Lo llaman rápel porque «caer como una piedra» no suena como jerga militar de verdad. Podía reducir mi velocidad de descenso si no me importaba quemar los guantes, la fricción de las cuerdas cada vez era más intensa, pero hice la mayor parte del descenso en caída libre, tal y como Jack me había enseñado. Todos los objetos caen a la misma velocidad —ya lo demostró Galileo—, pero cuando llevas una mochila de veinte kilos, sin lugar a dudas de la impresión de que estás cayendo más de prisa. Me frené sujetándome con fuerza a la cuerda hasta que mis guantes comenzaron —literalmente— a echar humo cuando me aproximaba al suelo, después flexioné las rodillas al tocar la calzada de cemento y eché a rodar para evitar el impacto y no romperme los tobillos.

En un segundo estaba de pie, sujetando la cuerda, mientras Jack descendía. Soltamos las cuerdas, nos quitamos los arneses y nos despedimos de Kreutzer con la mano, pero él ya estaba dando media vuelta con un amplio giro que lo llevaría lejos de Manhattan.
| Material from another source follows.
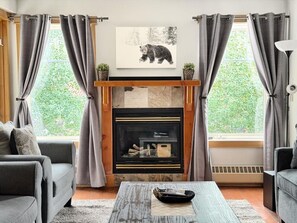 Ein Wohnzimmer mit Kamin, zwei grauen Sofas, einem Couchtisch und einem Bären-Motivbild über dem Kamin.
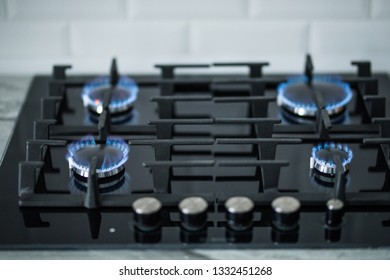Cooktop with burning gas ring. Gas cooker with blue flames - Shutterstock ID 1332451268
Unos instantes después, quedó oculto tras una línea de edificios y el mundo se sumió en un súbito silencio, tan sólo me acompañaban el sonido de mi respiración y el crujido de mi traje. Jack había prohibido expresamente hablar durante esa parte de la misión, por si acaso. Con que un hombre muerto nos viese habríamos fracasado y nuestras vidas estarían condenadas.

El puente se extendía a ambos lados desde nuestra posición, un tendido de hormigón flanqueado de altas torres de hierro. Al este estaba Manhattan, el Upper East Side y, después, Central Park. Nos esperaba una buena caminata. Comenzamos a andar sin decir ni una palabra.